# REQUIREMENT:
Make an exact copy of all the records that follow, apart from the pictures.

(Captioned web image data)
= = = =
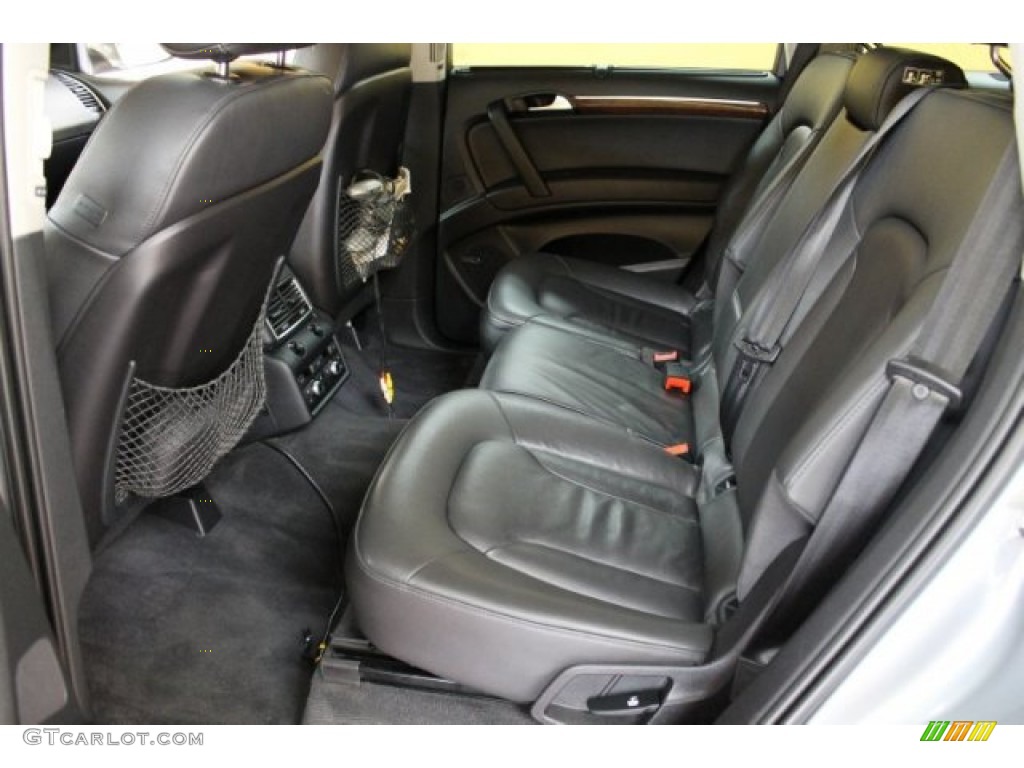 Black Interior 2009 Audi Q7 4.2 Prestige quattro Photo #51888770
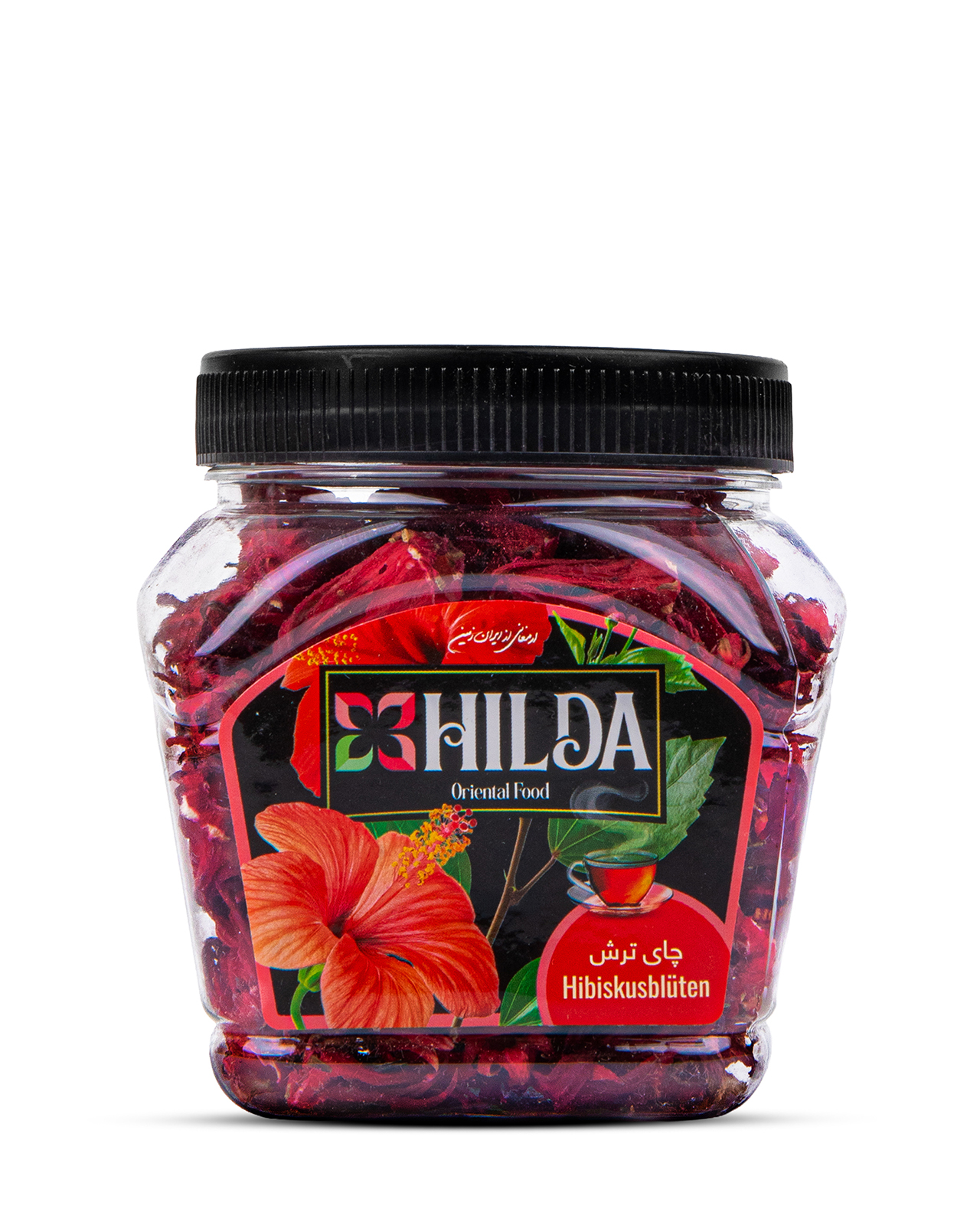 Hibiscus Tee - Hilda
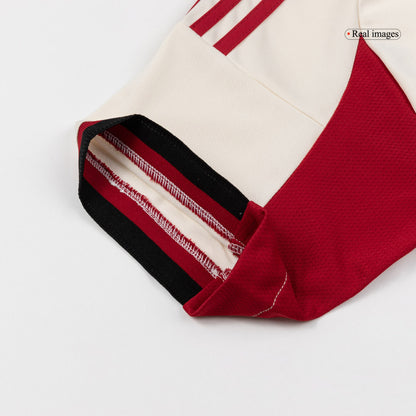 GAKPO #18 Liverpool Idegenbeli Mez 2025/26 Fehér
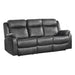 9990gy-3-double-lay-flat-reclining-sofa-with-center-drop-down-cup-holders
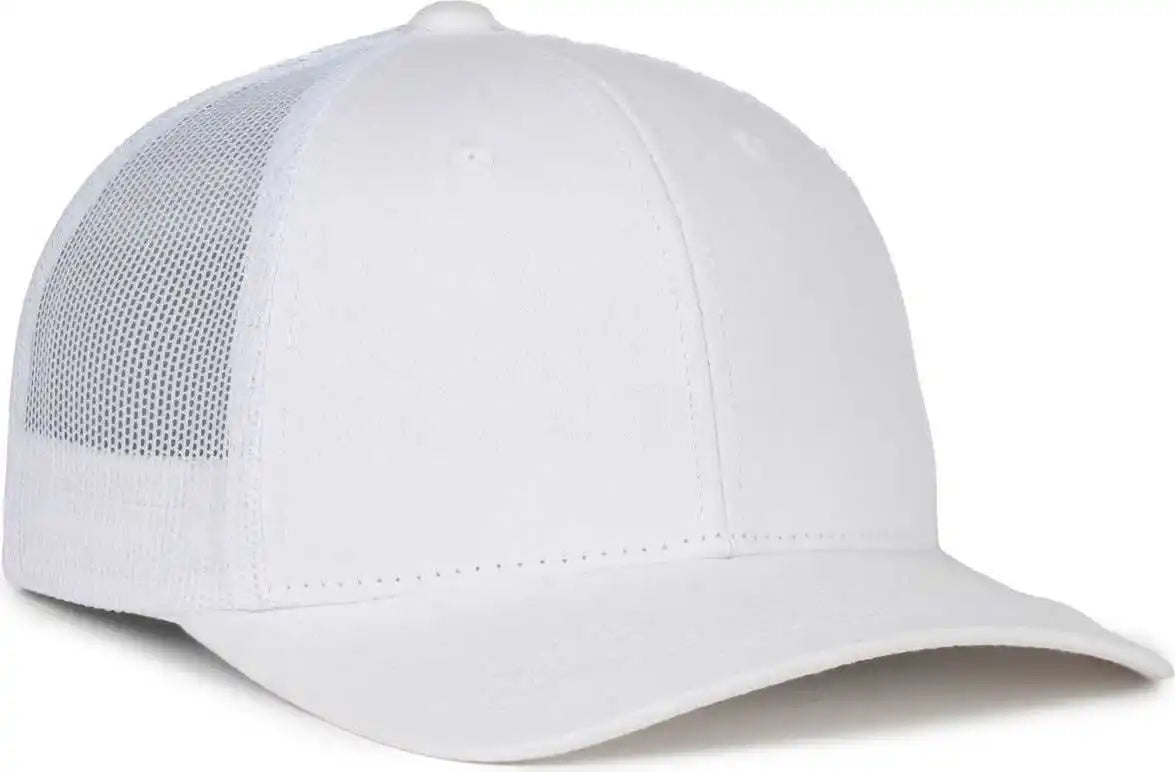 Oc Sports Mb2020 Modern Trucker Cap - White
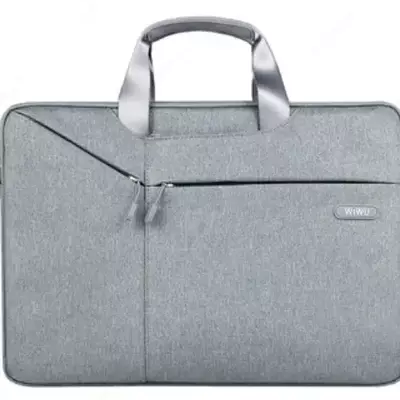 Сумка Wiwu Alpha Double Layer Sleeve 13.3" Grey - 351 000 сум / шт.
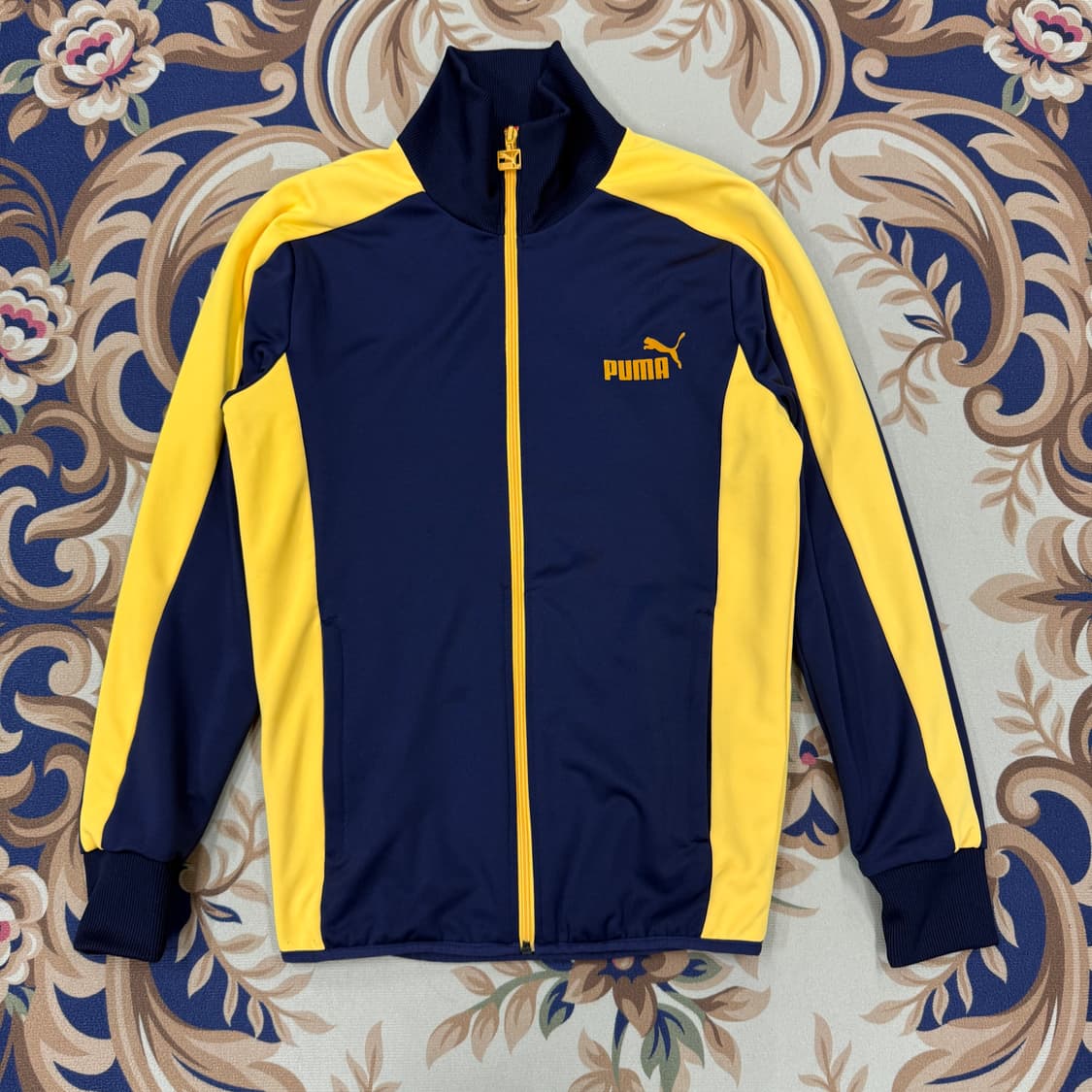 (M) 퓨마 PUMA 사이드라인 트랙탑 져지(네이비,남노) 상품이미지1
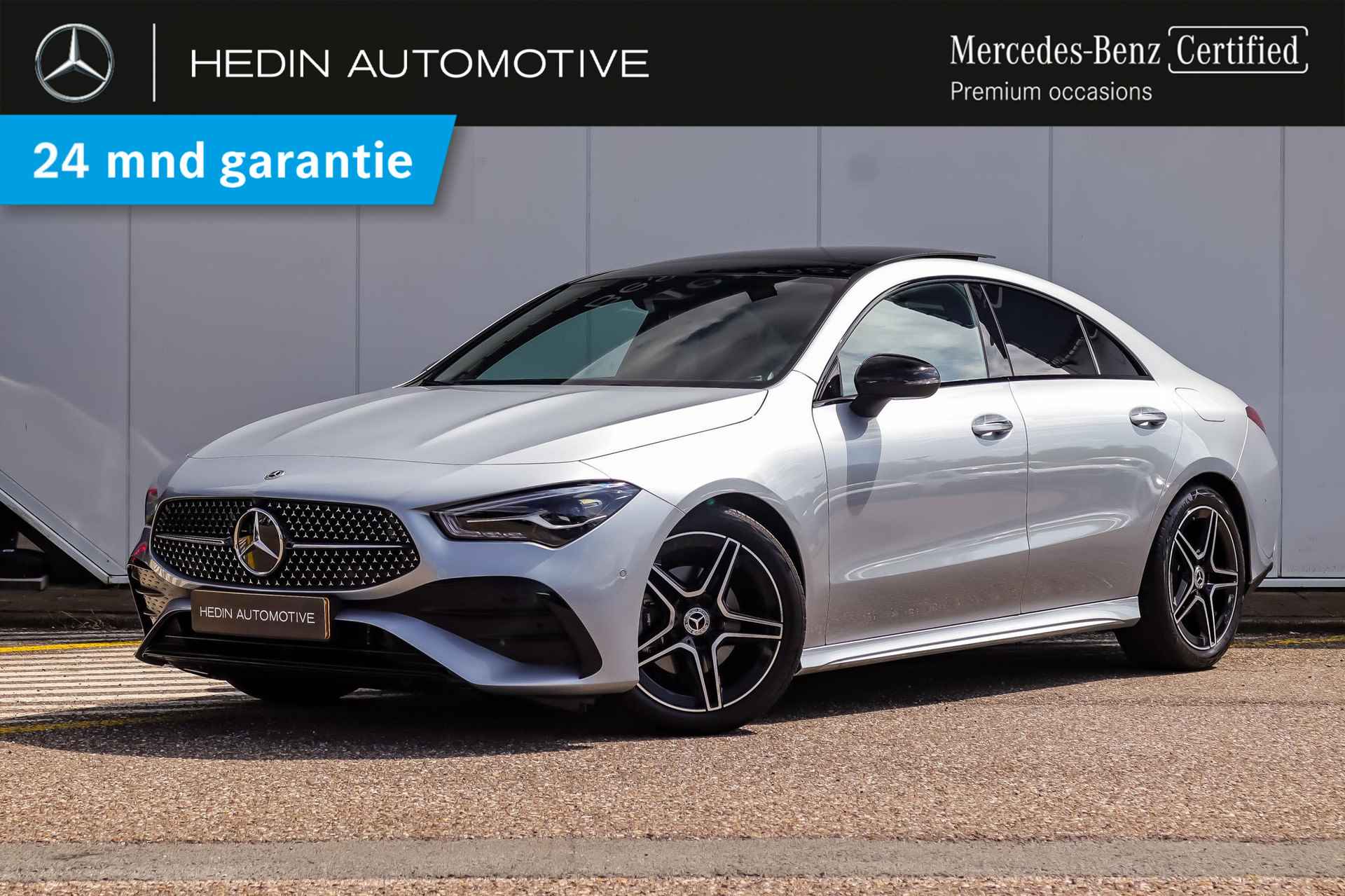 Mercedes-Benz CLA BOVAG 40-Puntencheck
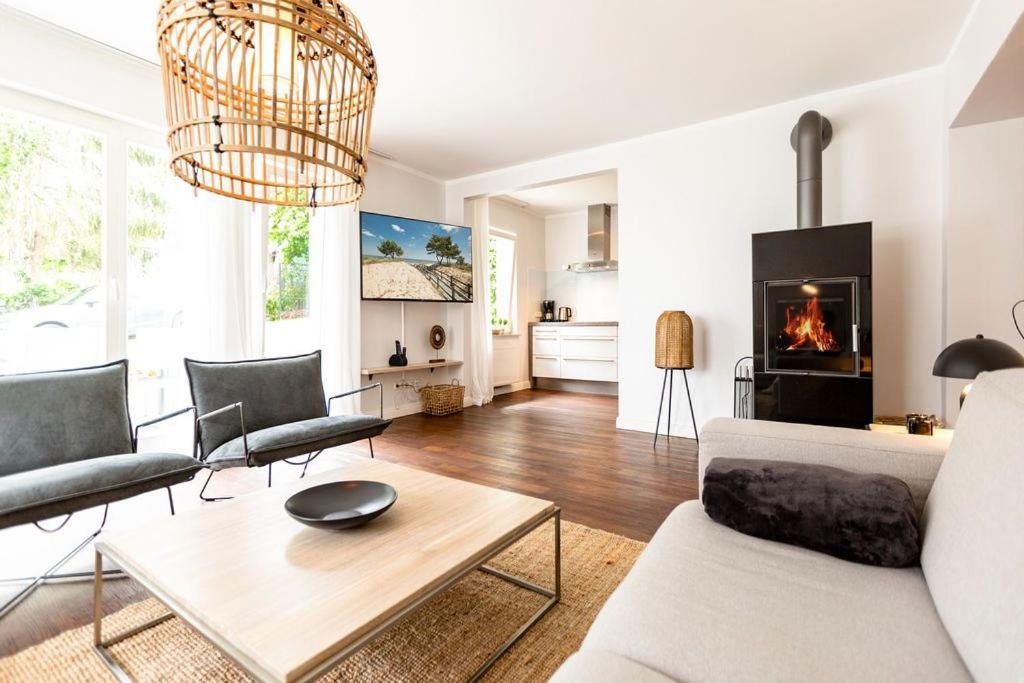 Ferienhaus Bansin Das Moderne Heringsdorf  Bagian luar foto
= = = =
# SOLUTION FOR THIS PROBLEM:
 Black Interior 2009 Audi Q7 4.2 Prestige quattro Photo #51888770
 Hibiscus Tee - Hilda
 GAKPO #18 Liverpool Idegenbeli Mez 2025/26 Fehér
 9990gy-3-double-lay-flat-reclining-sofa-with-center-drop-down-cup-holders
 Oc Sports Mb2020 Modern Trucker Cap - White
 Сумка Wiwu Alpha Double Layer Sleeve 13.3" Grey - 351 000 сум / шт.
 (M) 퓨마 PUMA 사이드라인 트랙탑 져지(네이비,남노) 상품이미지1
 Mercedes-Benz CLA BOVAG 40-Puntencheck
 Ferienhaus Bansin Das Moderne Heringsdorf  Bagian luar foto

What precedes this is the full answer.